126 F. Supp. 2d 1007 (2000)

Fred T. RICHOUX, Jr
v.
R & G SHRIMP CO. et al.

No. CIV. A. G-00-299.

United States District Court, S.D. Texas, Galveston Division.

December 22, 2000.

*1008 Ronald L. White, White Mackillop et al., Houston, TX, for Ron White.

Francis I Spagnoletti, Spagnoletti & Assoc, Houston, TX, for Fred T Richoux, Jr.

Bruce Clifford Gaible, Hays McConn Rice & Pickering, Houston, TX, for R & G Shrimp Co., R & G Shrimp Farm, Ronald A Benner.

ORDER DENYING DEFENDANTS' MOTION TO DISMISS FOR IMPROPER VENUE AND MOTION TO TRANSFER VENUE

KENT, District Judge.

Plaintiff was injured off the coast of Galveston while working as a deck hand on the M/V Gloria Katherine II, owned and operated by Defendants. Plaintiff brings claims in admiralty under the Jones Act. Now before the Court are Defendants' Motion to Dismiss for Improper Venue and Motion to Transfer Venue. For the reasons stated below, both Motions are DENIED.

 
*1009 I. Analysis  
A. Motion to Dismiss for Improper Venue

Defendants agree that venue is proper in the Southern District of Texas, but argue that venue lies only in the Victoria Division, not the Galveston Division. Defendants are incorrect in assuming that venue in admiralty is tied to districts, much less divisions within districts.

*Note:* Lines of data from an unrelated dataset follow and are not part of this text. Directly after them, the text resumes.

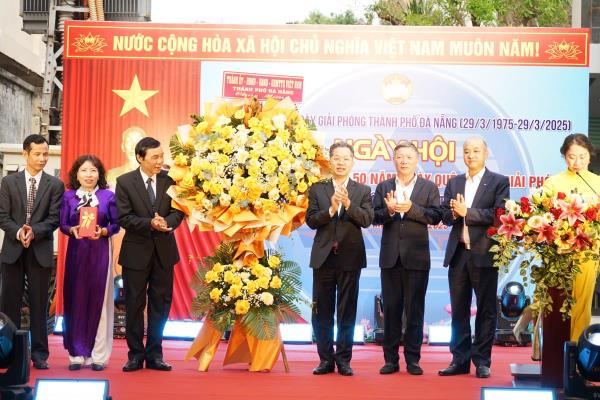 Bí thư Thành ủy Nguyễn Văn Quảng dự Ngày hội toàn dân chào mừng 50 năm Ngày giải phóng tại Khu dân cư Tân Lập 1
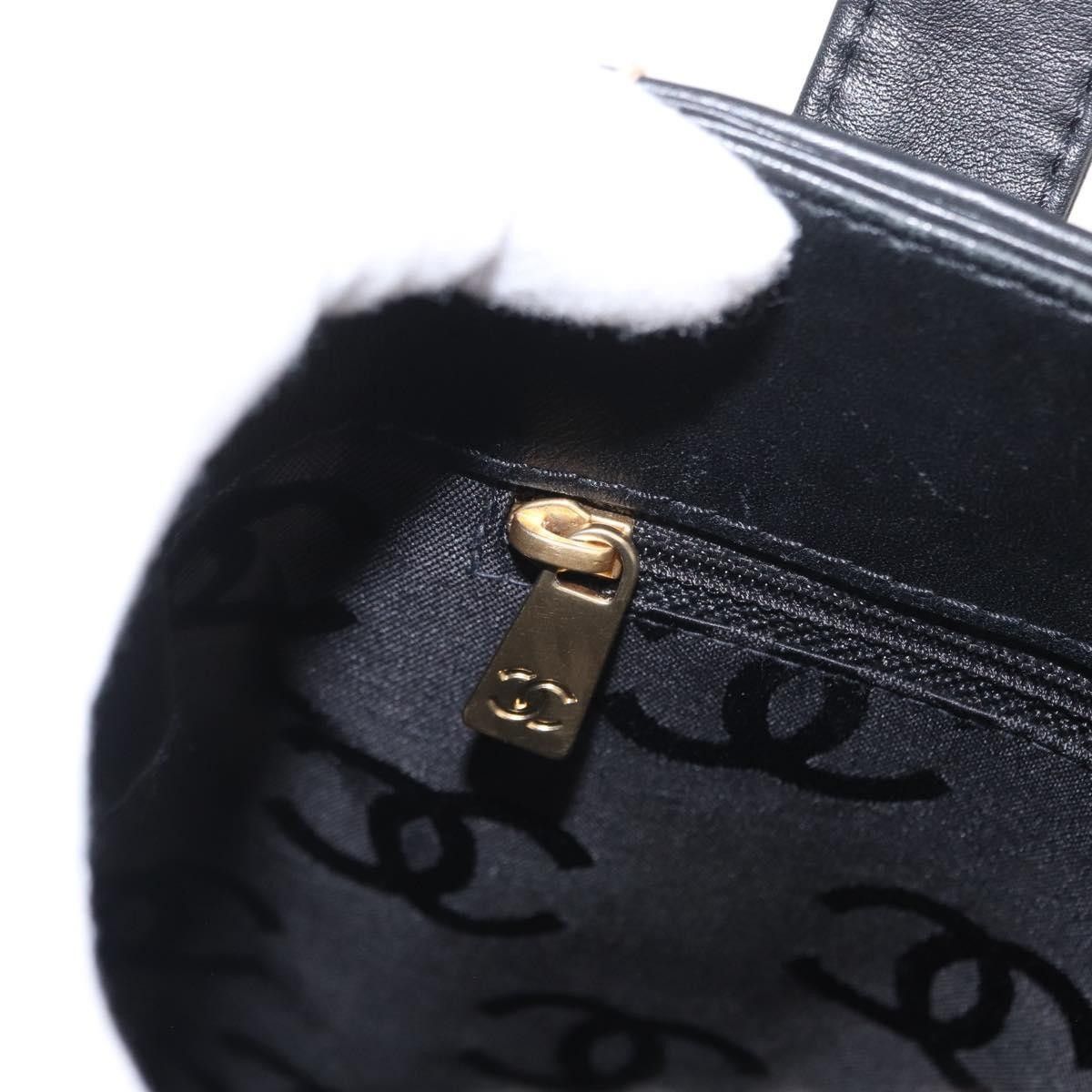 Chanel Chanel Surpique Tote Quilted Leather Size ONE SIZE - 13 Thumbnail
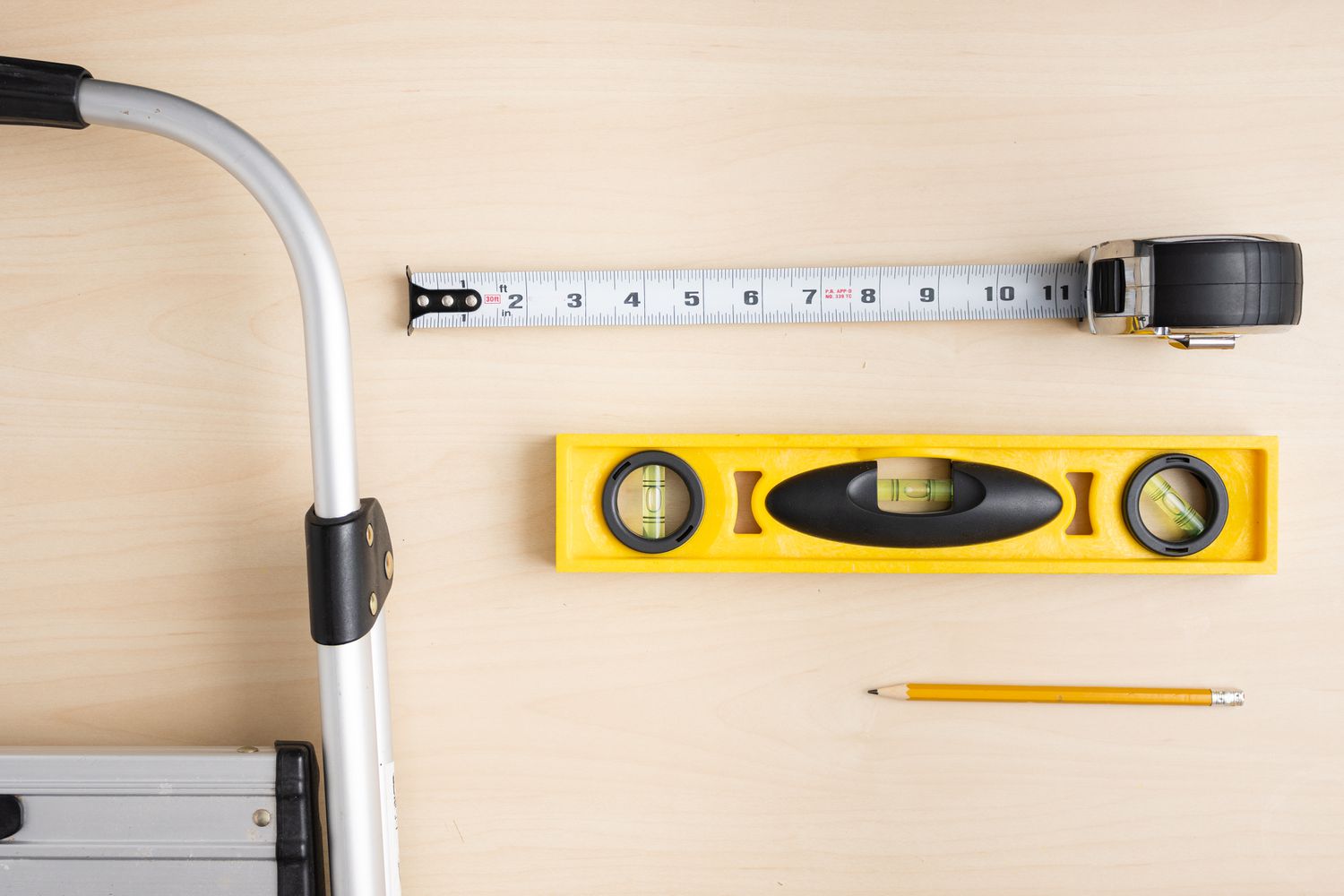 وسایل مورد نیاز برای اندازه گیری پنجره برای پرده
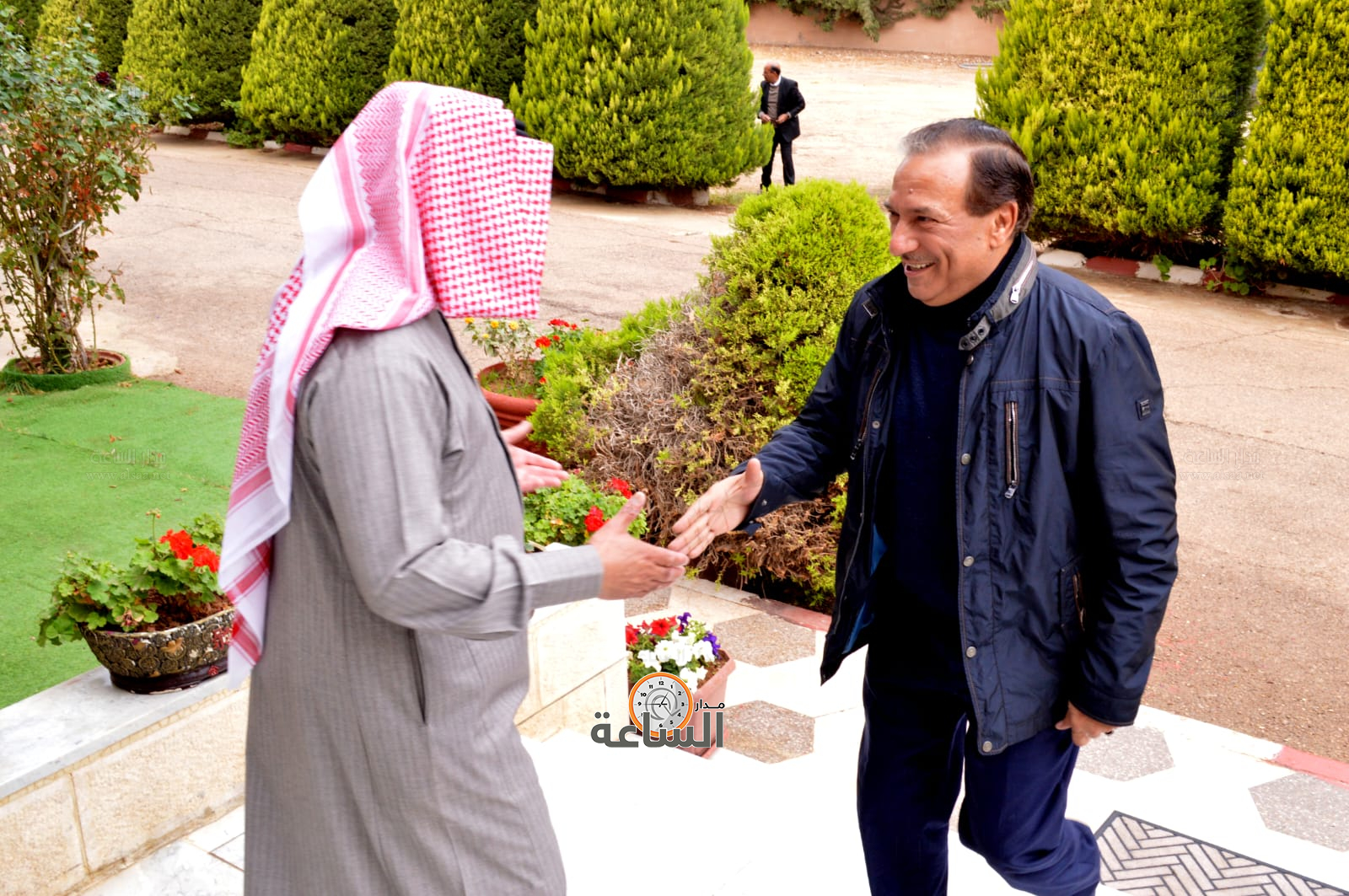 Madar Al-Saa Images 0.417168133007668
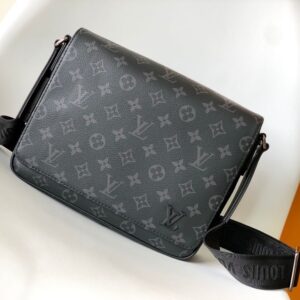 Louis Vuitton Bag  District  M30850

The venue rules that govern ordinary civil actions, 28 U.S.C. § 1391, do not apply to cases in admiralty. See Fed R. Civ. P. 82. Instead, the Court must look to the rules of venue particular to admiralty. See 12 Charles Alan Wright, Arthur R. Miller and Edward H. Cooper, Federal Practice and Procedure § 3817 (1986).[1] As this Court has recently said, the proper interpretation of Rule 82 is that for claims in admiralty, venue lies wherever a district court has jurisdiction over the defendant. See Denson v. United States, 99 F. Supp. 2d 792, 793 (S.D.Tex.2000); see also In re McDonnell-Douglas Corp., 647 F.2d 515, 516 (5th Cir. 1981) ("[T]he general admiralty practice prevails, in which venue and personal jurisdiction analyses merge.").

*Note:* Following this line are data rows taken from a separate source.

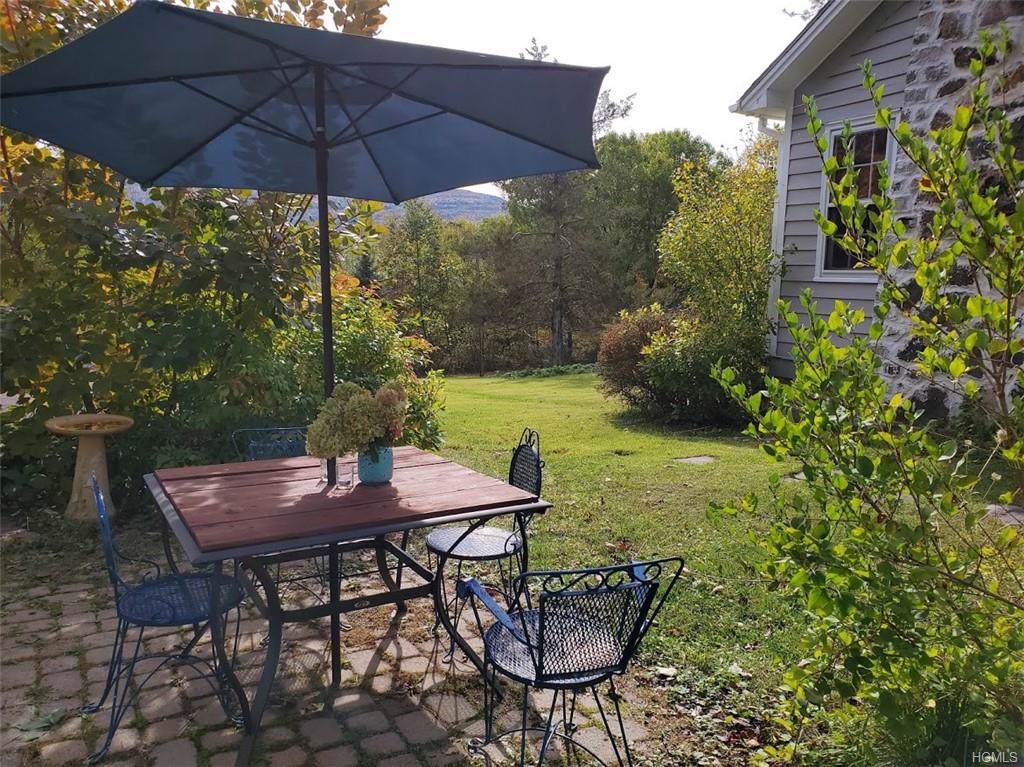 616 Golden Hill - Photo 1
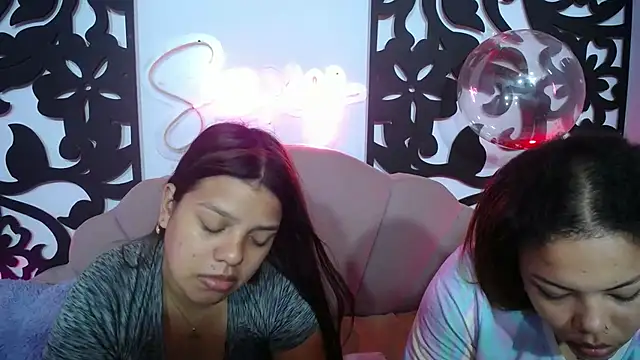 kittens_hornxyxx live cam preview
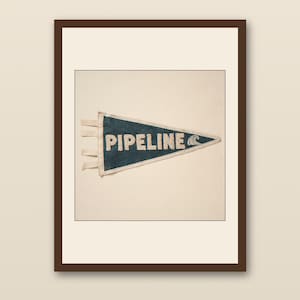 Pipeline Surf Pennant Print | Banzai Pipeline Hawaii Wall Art | Vintage Felt Pennant | North Shore Oahu Surf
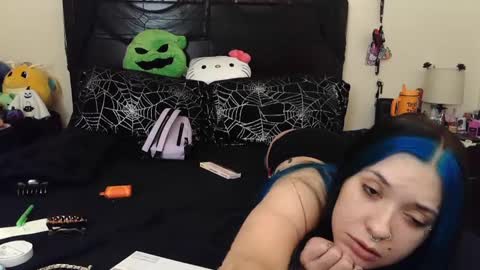 Snapshot of gothbaby305 chatting on October 17, 10:35 pm gothbaby305 online show from October 17, 10:35 pm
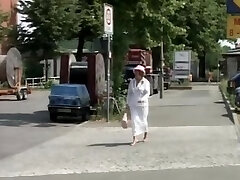 लंपट दादी हर संभव तरीके से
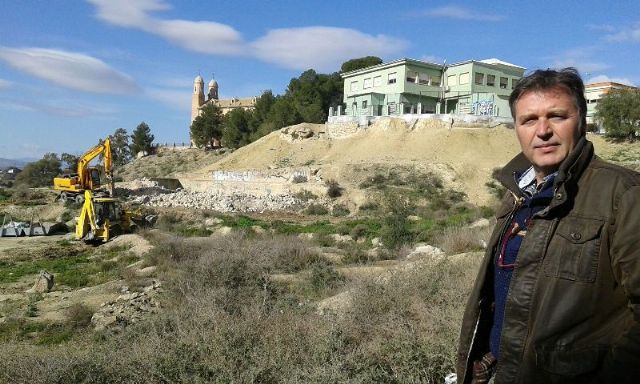 La concejalía de Servicios procede a la limpieza y acondicionamiento de los terrenos del V-6 - 1, Foto 1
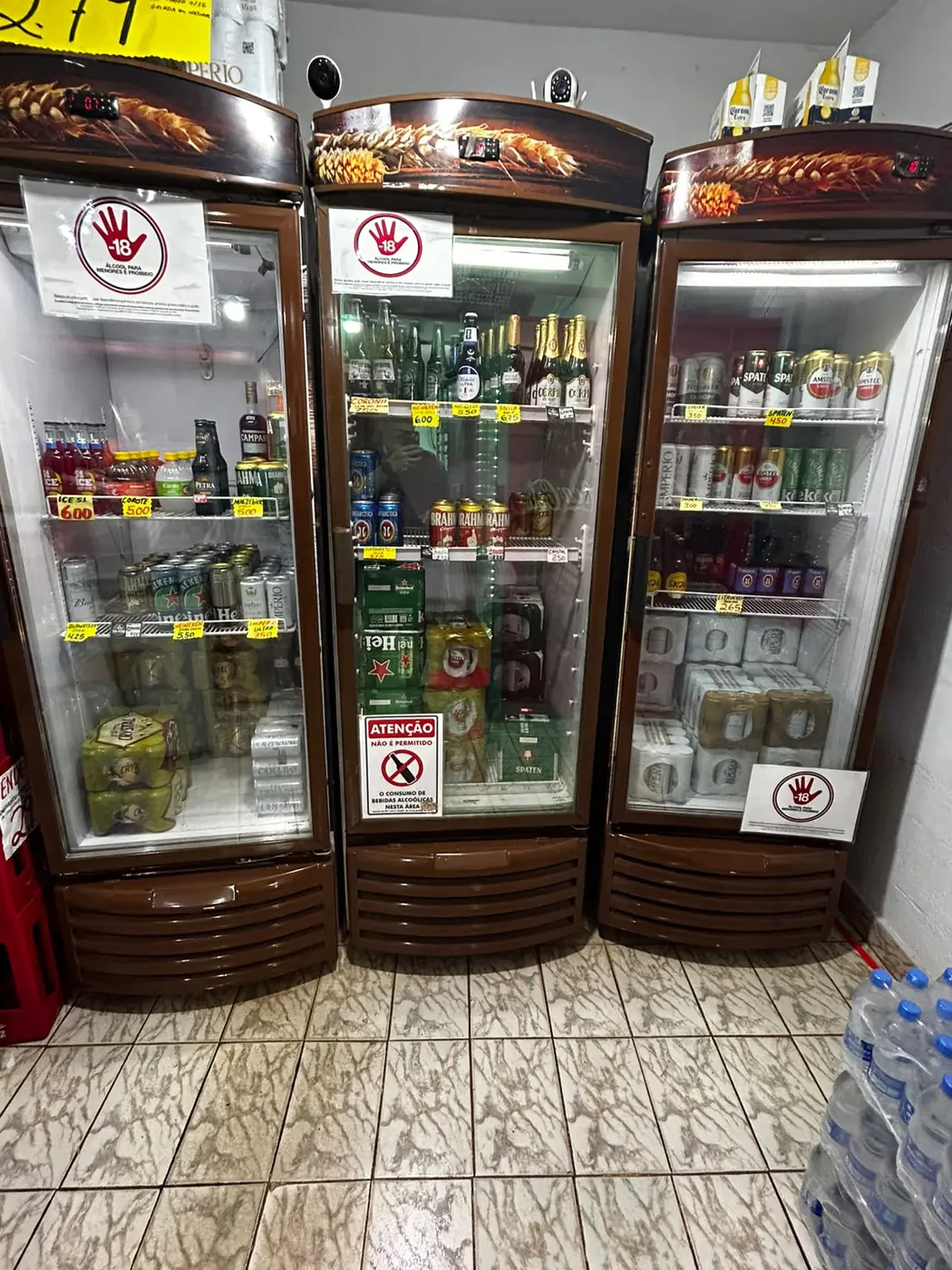 Geladeiras com bebidas geladas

Defendants argue, however, that venue in this case is limited to the precise division in which Plaintiff's employer resides, citing a decision of this Court. See Hunt v. Paco Tankers, Inc., 226 F. Supp. 279, 284 (S.D.Tex.1964) (Noel, J.). The decision in Paco Tankers, however, was criticized by the Fifth Circuit in S.S. Bethflor v. Thomas for limiting venue to divisions. See S.S. Bethflor v. Thomas, 364 F.2d 634, 635 n. 5 (5th Cir.1966) (Brown, J.); see also Charles Alan Wright et al., supra, § 3809. In addition, the Paco Tankers decision drew inspiration from the now repealed 28 U.S.C. § 1393(a), which at the time geared venue to divisions within districts. See Paco Tankers, 226 F. Supp. at 284 n. 14. Section 1393(a) was subsequently repealed, thus eradicating the idea of divisional venue in civil cases. See Charles Alan Wright, Arthur R. Miller and Edward H. Cooper, supra, § 3809 (Supp. 2000). In any event, venue in admiralty lies in any district where the Court has personal jurisdiction; venue in admiralty is broader than districts, not narrower. See Denson v. United States, 99 F. Supp. 2d at 793; see also In re McDonnell-Douglas Corp., 647 F.2d at 516. The Court respectfully submits that the rule in Paco Tankers is no longer the law, and may never have been. See S.S. Bethflor, 364 F.2d at 635 n. 5; Barrineau, 940 F. Supp. at 154; Bailiff, 356 F. Supp. at 311 ("Although the analogy is appealing, the restrictive notions of venue articulated in the [Paco Tankers] opinion are not."); Paco Tankers, 226 F. Supp. at 282 (limiting its own holding to the precise facts of the case).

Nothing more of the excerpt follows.